Assignment: Retype the entries exactly. Include every line.

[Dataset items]
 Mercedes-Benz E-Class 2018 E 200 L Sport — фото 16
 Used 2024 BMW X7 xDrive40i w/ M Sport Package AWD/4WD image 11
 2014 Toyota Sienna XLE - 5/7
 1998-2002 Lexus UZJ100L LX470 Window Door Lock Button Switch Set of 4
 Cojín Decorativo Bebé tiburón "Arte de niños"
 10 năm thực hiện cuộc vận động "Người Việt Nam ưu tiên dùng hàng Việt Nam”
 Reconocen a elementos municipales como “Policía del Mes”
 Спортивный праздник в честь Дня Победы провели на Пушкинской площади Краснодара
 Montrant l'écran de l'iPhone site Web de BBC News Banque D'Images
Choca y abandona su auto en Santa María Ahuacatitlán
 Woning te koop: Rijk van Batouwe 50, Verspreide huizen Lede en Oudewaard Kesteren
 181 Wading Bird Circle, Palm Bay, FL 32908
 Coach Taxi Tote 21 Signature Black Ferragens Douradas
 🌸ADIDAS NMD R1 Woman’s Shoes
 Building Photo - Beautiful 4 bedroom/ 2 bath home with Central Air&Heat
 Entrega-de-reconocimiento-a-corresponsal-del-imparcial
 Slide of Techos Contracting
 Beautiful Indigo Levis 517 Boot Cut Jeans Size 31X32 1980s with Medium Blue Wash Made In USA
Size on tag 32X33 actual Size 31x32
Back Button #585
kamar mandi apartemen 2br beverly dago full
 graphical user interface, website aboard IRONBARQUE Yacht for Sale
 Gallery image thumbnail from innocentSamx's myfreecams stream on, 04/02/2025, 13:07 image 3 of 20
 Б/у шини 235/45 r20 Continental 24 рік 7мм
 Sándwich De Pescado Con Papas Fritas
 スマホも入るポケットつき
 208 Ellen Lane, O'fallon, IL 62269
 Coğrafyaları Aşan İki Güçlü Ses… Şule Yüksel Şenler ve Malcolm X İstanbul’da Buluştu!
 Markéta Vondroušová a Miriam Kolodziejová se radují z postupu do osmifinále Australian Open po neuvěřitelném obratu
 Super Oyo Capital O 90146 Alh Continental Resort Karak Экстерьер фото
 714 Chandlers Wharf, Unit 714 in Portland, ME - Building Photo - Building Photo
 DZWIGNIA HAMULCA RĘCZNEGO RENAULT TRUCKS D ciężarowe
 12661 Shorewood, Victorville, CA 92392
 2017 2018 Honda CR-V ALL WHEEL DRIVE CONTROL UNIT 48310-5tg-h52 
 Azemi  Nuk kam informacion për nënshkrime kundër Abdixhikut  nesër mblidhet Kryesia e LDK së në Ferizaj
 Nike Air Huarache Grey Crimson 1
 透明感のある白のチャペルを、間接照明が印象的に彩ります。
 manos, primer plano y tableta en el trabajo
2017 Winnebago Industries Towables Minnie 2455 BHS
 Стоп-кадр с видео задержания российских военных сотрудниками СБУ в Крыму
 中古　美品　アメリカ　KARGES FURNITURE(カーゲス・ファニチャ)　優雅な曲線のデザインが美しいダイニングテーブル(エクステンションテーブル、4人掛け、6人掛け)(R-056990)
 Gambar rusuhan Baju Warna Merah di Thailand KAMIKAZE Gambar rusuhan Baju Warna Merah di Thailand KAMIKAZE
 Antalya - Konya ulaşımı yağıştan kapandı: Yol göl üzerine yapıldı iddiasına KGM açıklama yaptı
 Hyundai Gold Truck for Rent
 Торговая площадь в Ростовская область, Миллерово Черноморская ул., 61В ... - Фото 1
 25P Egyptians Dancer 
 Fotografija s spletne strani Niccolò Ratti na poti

Answer section:
 Mercedes-Benz E-Class 2018 E 200 L Sport — фото 16
 Used 2024 BMW X7 xDrive40i w/ M Sport Package AWD/4WD image 11
 2014 Toyota Sienna XLE - 5/7
 1998-2002 Lexus UZJ100L LX470 Window Door Lock Button Switch Set of 4
 Cojín Decorativo Bebé tiburón "Arte de niños"
 10 năm thực hiện cuộc vận động "Người Việt Nam ưu tiên dùng hàng Việt Nam”
 Reconocen a elementos municipales como “Policía del Mes”
 Спортивный праздник в честь Дня Победы провели на Пушкинской площади Краснодара
 Montrant l'écran de l'iPhone site Web de BBC News Banque D'Images
Choca y abandona su auto en Santa María Ahuacatitlán
 Woning te koop: Rijk van Batouwe 50, Verspreide huizen Lede en Oudewaard Kesteren
 181 Wading Bird Circle, Palm Bay, FL 32908
 Coach Taxi Tote 21 Signature Black Ferragens Douradas
 🌸ADIDAS NMD R1 Woman’s Shoes
 Building Photo - Beautiful 4 bedroom/ 2 bath home with Central Air&Heat
 Entrega-de-reconocimiento-a-corresponsal-del-imparcial
 Slide of Techos Contracting
 Beautiful Indigo Levis 517 Boot Cut Jeans Size 31X32 1980s with Medium Blue Wash Made In USA
Size on tag 32X33 actual Size 31x32
Back Button #585
kamar mandi apartemen 2br beverly dago full
 graphical user interface, website aboard IRONBARQUE Yacht for Sale
 Gallery image thumbnail from innocentSamx's myfreecams stream on, 04/02/2025, 13:07 image 3 of 20
 Б/у шини 235/45 r20 Continental 24 рік 7мм
 Sándwich De Pescado Con Papas Fritas
 スマホも入るポケットつき
 208 Ellen Lane, O'fallon, IL 62269
 Coğrafyaları Aşan İki Güçlü Ses… Şule Yüksel Şenler ve Malcolm X İstanbul’da Buluştu!
 Markéta Vondroušová a Miriam Kolodziejová se radují z postupu do osmifinále Australian Open po neuvěřitelném obratu
 Super Oyo Capital O 90146 Alh Continental Resort Karak Экстерьер фото
 714 Chandlers Wharf, Unit 714 in Portland, ME - Building Photo - Building Photo
 DZWIGNIA HAMULCA RĘCZNEGO RENAULT TRUCKS D ciężarowe
 12661 Shorewood, Victorville, CA 92392
 2017 2018 Honda CR-V ALL WHEEL DRIVE CONTROL UNIT 48310-5tg-h52 
 Azemi  Nuk kam informacion për nënshkrime kundër Abdixhikut  nesër mblidhet Kryesia e LDK së në Ferizaj
 Nike Air Huarache Grey Crimson 1
 透明感のある白のチャペルを、間接照明が印象的に彩ります。
 manos, primer plano y tableta en el trabajo
2017 Winnebago Industries Towables Minnie 2455 BHS
 Стоп-кадр с видео задержания российских военных сотрудниками СБУ в Крыму
 中古　美品　アメリカ　KARGES FURNITURE(カーゲス・ファニチャ)　優雅な曲線のデザインが美しいダイニングテーブル(エクステンションテーブル、4人掛け、6人掛け)(R-056990)
 Gambar rusuhan Baju Warna Merah di Thailand KAMIKAZE Gambar rusuhan Baju Warna Merah di Thailand KAMIKAZE
 Antalya - Konya ulaşımı yağıştan kapandı: Yol göl üzerine yapıldı iddiasına KGM açıklama yaptı
 Hyundai Gold Truck for Rent
 Торговая площадь в Ростовская область, Миллерово Черноморская ул., 61В ... - Фото 1
 25P Egyptians Dancer 
 Fotografija s spletne strani Niccolò Ratti na poti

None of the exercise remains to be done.